AD10S a Diego Armando Maradona a los 60 años

El astro del fútbol ha muerto por una parada cardiorrespiratoria. Fue operado de un hematoma subdural a principios de mes

El mito de Diego Armando Maradona se ha desprendido de su cuerpo. Una parada cardiorrespiratoria ha acabado con su vida después de ser operado hace unos días de un hematoma cerebral.

Acababa de cumplir 60 años el pasado 30 de octubre, pero no había demasiados motivos para la celebración en su aniversario. Estaba en cuarentena y la gran fiesta que le había preparado el fútbol argentino, que había previsto el regreso de la competición haciendo coincidir el regreso de la competición con el partido que disputaba Gimnasia y Esgrima de La Plata, al que él entrenaba, tendría que haberla visto por televisión. Pero se presentó en el campo, con muchas dificultades, y aquella fue su última aparición pública.

Después llegaron su ingreso por el hematoma cerebral y su enfermedad televisada. La conexión en directo para narrar su traslado en ambulancia al hospital donde lo operaron como si fuera un partido más. Como toda la vida de Maradona. Hace tiempo que la persona y el personaje se confundieron. “No hablen de Maradona porque no saben lo que es ser Maradona. Este pibe, fuera de la cancha, no tuvo vida. No podía. Es muy difícil. A mí me encantaría ser Diego, pero adentro de la cancha. Afuera, no”, decía el día de su 60 cumpleaños en una intervención en Espn Óscar Ruggeri, compañero suyo en la selección campeona del mundo del 86.

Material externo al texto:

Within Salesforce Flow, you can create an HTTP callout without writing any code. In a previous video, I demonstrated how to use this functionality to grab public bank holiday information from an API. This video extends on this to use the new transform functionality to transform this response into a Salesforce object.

La dificultad de ser Maradona es la dificultad de ser el primer futbolista que se convirtió en una multinacional. “Hablar con él hoy es imposible. ¿Llamarlo y que te atienda directo? No. Y eso que estuvimos once años juntos en la selección”, explicaba Ruggeri. “Los mensajes que te mandan sé que no son de él”, añadía.

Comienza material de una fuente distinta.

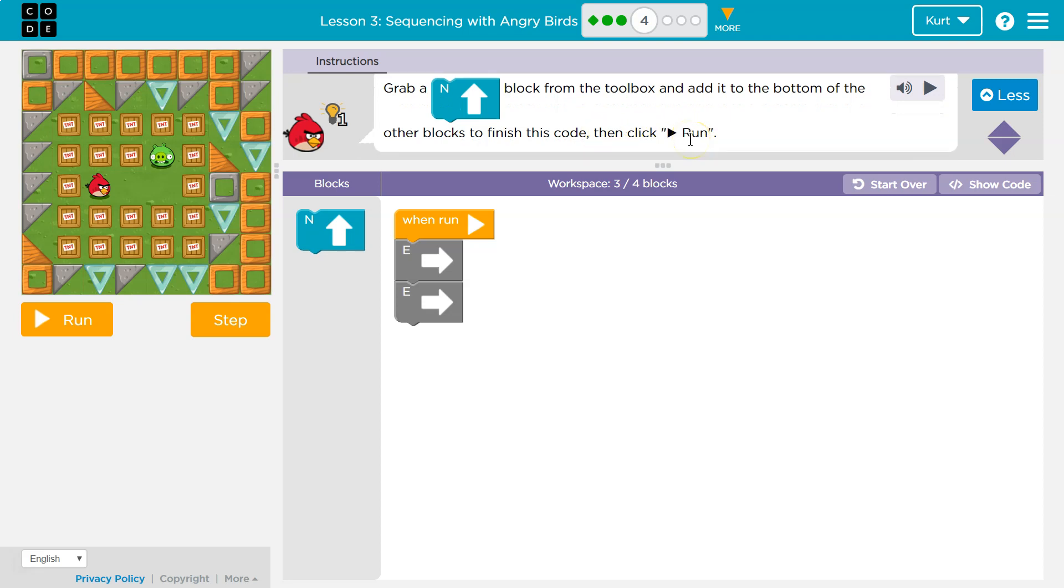Ooh, we've got more blocks. Notice by the way, it says we have on our workspace three blocks. Yep. And we can use up to four.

Maradona vivió siempre atormentado por esa contradicción de no poder ser él mismo sin dejar nunca de serlo. De no poder regresar a Fiorito, la humilde villa que lo vio nacer, porque ya no era Diego, era Maradona. Y no lo dejarían dar un paso sin que lo persiguiera la multitud. Nunca se olvidó de sus orígenes, pero estaba obligado a alejarse de ellos.

“En Fiorito si se podía comer se comía. Si no, no”, contaba en su libro “Yo soy el Diego”. Allí pasó su infancia en una casa con dos habitaciones. Una para los padres. Otra, para los hermanos. “Para los ocho hermanos”, puntualizaba él. Y allí, en Fiorito, aprendió dos cosas, el significado de la palabra “lucha” y a jugar al fútbol. Aunque eso, quizá, ya sabía hacerlo cuando nació.

“Si la Tota [su madre] me mandaba a buscar algo, yo me llevaba cualquier cosa que se pareciera a una pelota para ir jugando con el pie: podía ser una naranja, o bollitos de papel, o trapos. Así subía las escaleras del puente sobre las vías, saltando en una pata, la derecha, y llevando lo que fuera en la zurda, tac, tac, tac…”, contaba Diego. Así iba al colegio. Y así, a todas partes.

Eso no lo perdió tampoco cuando era futbolista. Admiraba igual a los aficionados dando patadas a una pelota de papel de plata que a los compañeros en el vestuario haciendo malabares con los calcetines o con una naranja. Daba igual. La pelota era su vida. Y lo fue hasta el final.

Maradona era “un hombre pegado a una pelota de cuero”, como cantó Calamaro. Y no dudaba en utilizar su habilidad para hacer el bien. El mal, la autodestrucción, lo reservaba para él. En sus años de esplendor, en Nápoles, fue capaz de ir a jugar un partido benéfico a un campo de tierra a Acerra, una pequeña localidad cercana a la ciudad, para recaudar fondos a beneficio de un niño que necesitaba una operación en el paladar. Era el pueblo de su compañero Puzone, que lo acompañó en la aventura a pesar de la oposición del club. Pero Diego no pidió permiso, juntó a un equipo, en el que también estaban su compañero y su hermano Lalo. Los vistió a todos con la camiseta del Nápoles, marcó dos goles y donó 15 millones de liras de los 20 que se necesitaban para la operación. Los otros cinco los consiguieron de sobra con las entradas vendidas a las 12.000 personas que llenaron un campo con capacidad para 5.000.

Ese también era Diego Armando Maradona. El que se marcha ahora en el mismo día en que fallecieron su amigo Fidel Castro y otro tormentoso ídolo del fútbol, George Best. Se va el hombre. Queda el mito.